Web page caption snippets
________________________________________

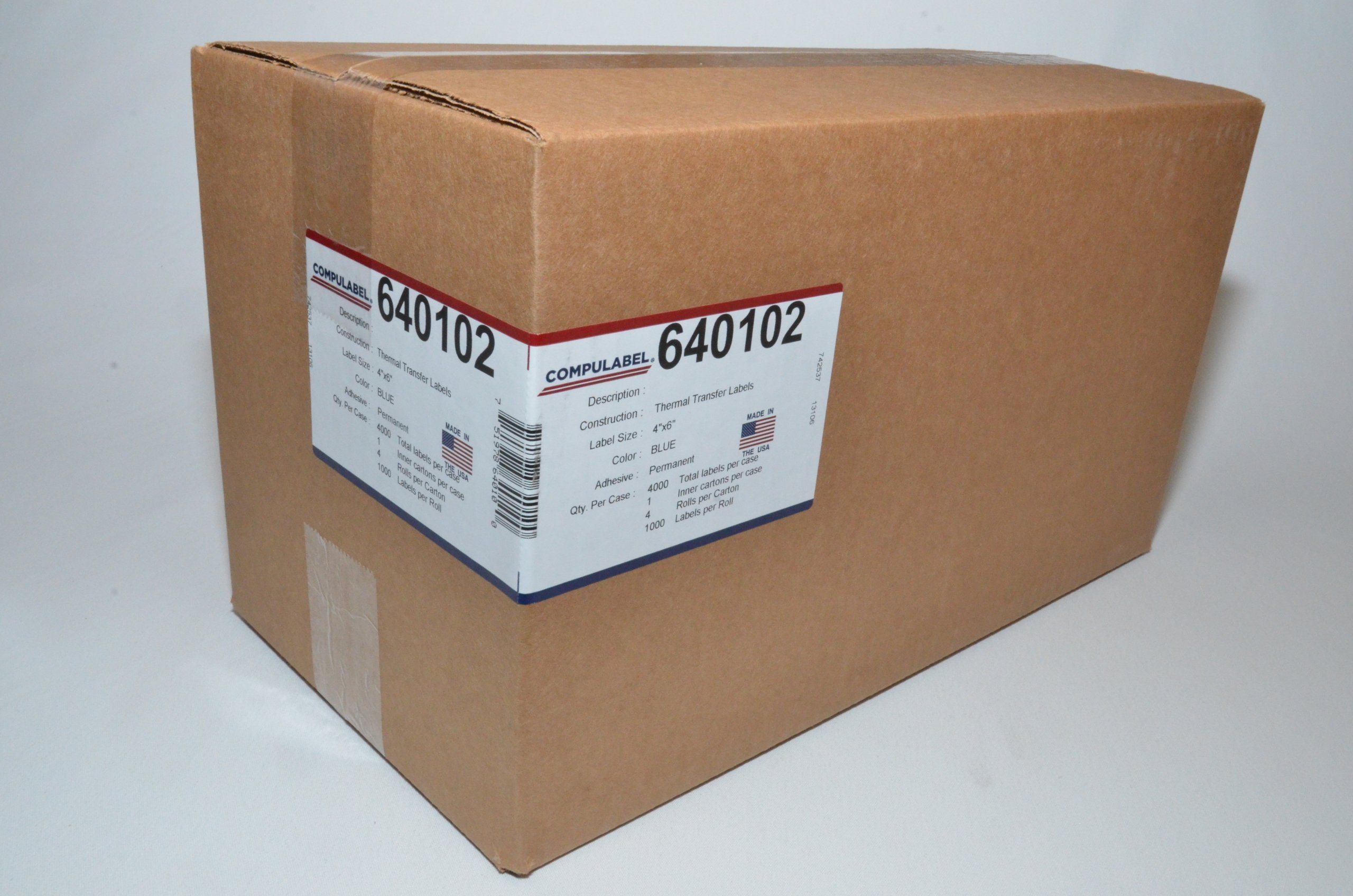 Compulabel 640102 Thermal Transfer Shipping Labels - 4x6 Inch, Blue, Permanent Adhesive, Perforated, 1000 Labels/Roll (4 Rolls) - Ideal for USPS, UPS, FedEx & E-commerce Shipping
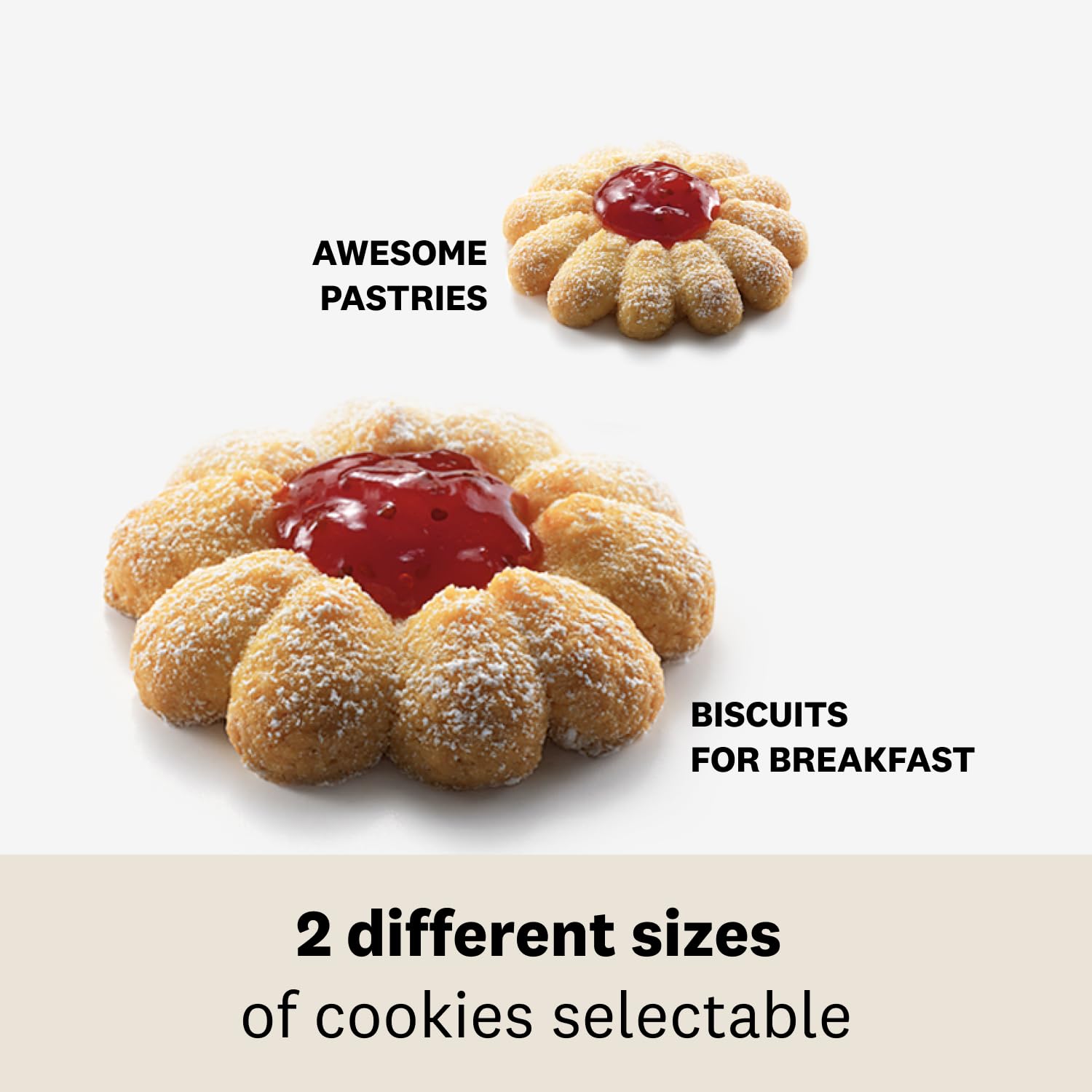 Marcato Atlas Deluxe small-vs-large cookies option for servings.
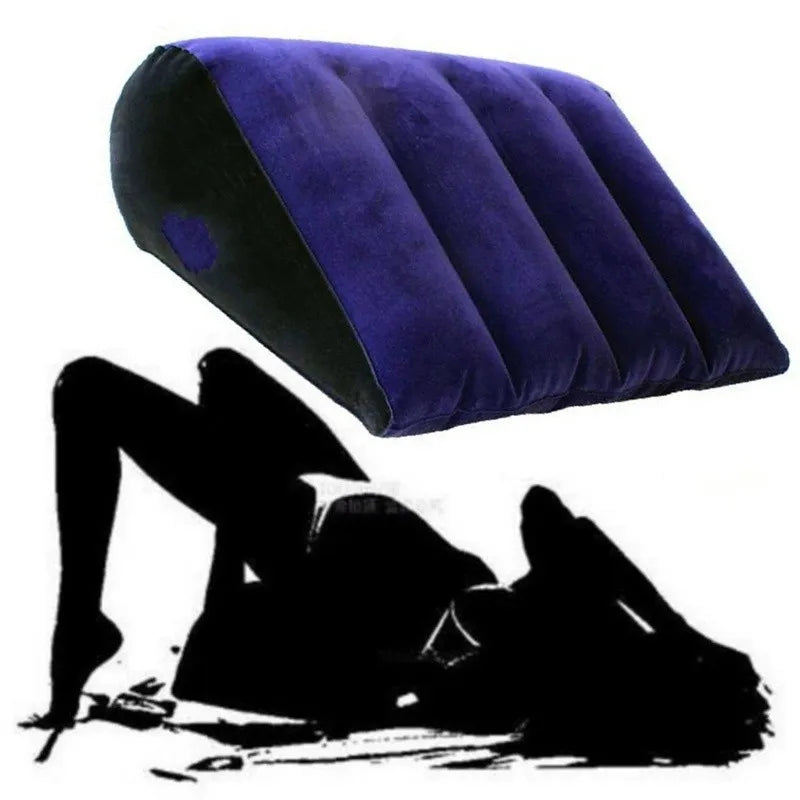 Inflatable wedge pillow plush blue velvet cover with adjustable support cushion UpTrend Deals on Tampa Home & Garden Store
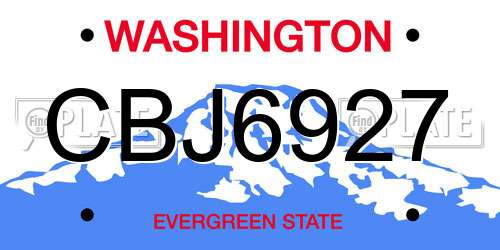 CBJ6927 Washington License Plate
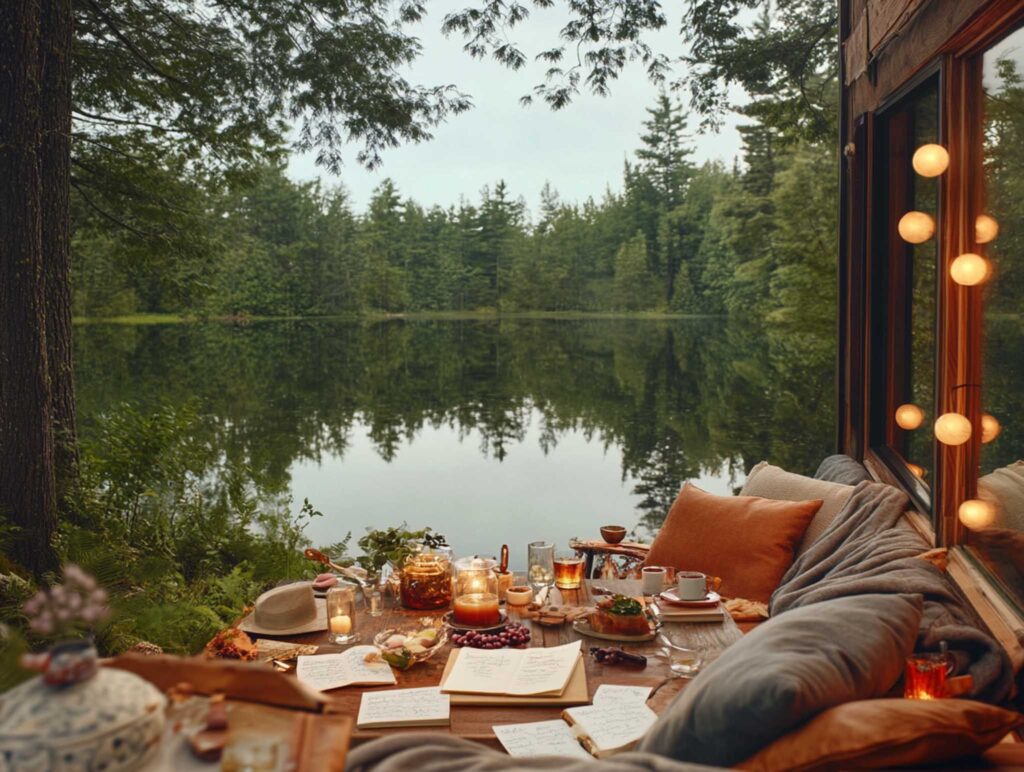 A detailed, realistic scene of a writer's desk set in a cabin study by a calm lake. The workspace includes scattered handwritten manuscripts, a well-worn leather chair, and soft ambient lighting that highlights the natural textures of wood and nature-inspired decor. --chaos 45 --ar 4:3 --v 6.1 Job ID: 7b513499-1229-4f0c-a9b5-158ae6ae0a0a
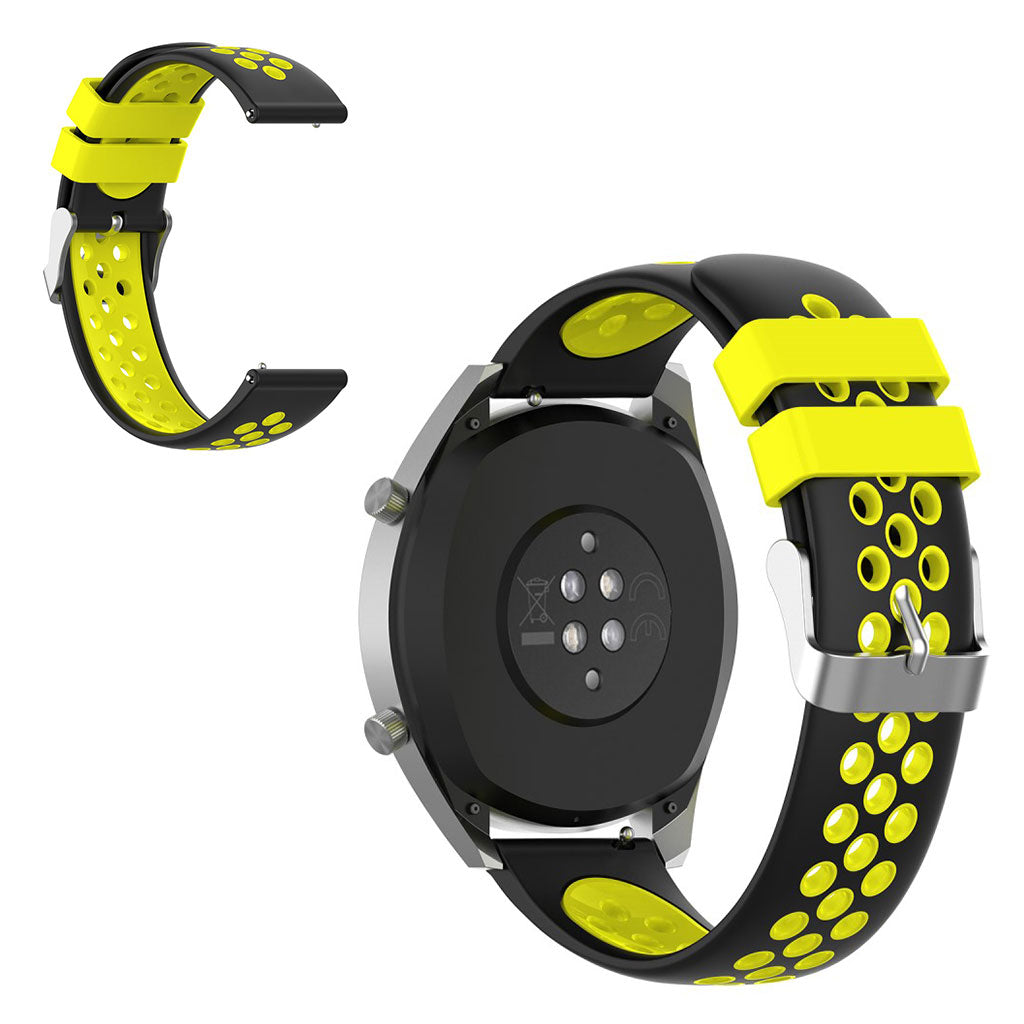 22mm Universal dual color silicone watch band - Black / Yellow#serie_5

________________________________________

PROBLEM REQUIREMENTS
Each line from the one with "Inflatable wedge pillow" through the end of the entries should be reproduced exactly. Leave out the pictures.

WRITTEN REPLY
 Inflatable wedge pillow plush blue velvet cover with adjustable support cushion UpTrend Deals on Tampa Home & Garden Store
 CBJ6927 Washington License Plate
 A detailed, realistic scene of a writer's desk set in a cabin study by a calm lake. The workspace includes scattered handwritten manuscripts, a well-worn leather chair, and soft ambient lighting that highlights the natural textures of wood and nature-inspired decor. --chaos 45 --ar 4:3 --v 6.1 Job ID: 7b513499-1229-4f0c-a9b5-158ae6ae0a0a
 22mm Universal dual color silicone watch band - Black / Yellow#serie_5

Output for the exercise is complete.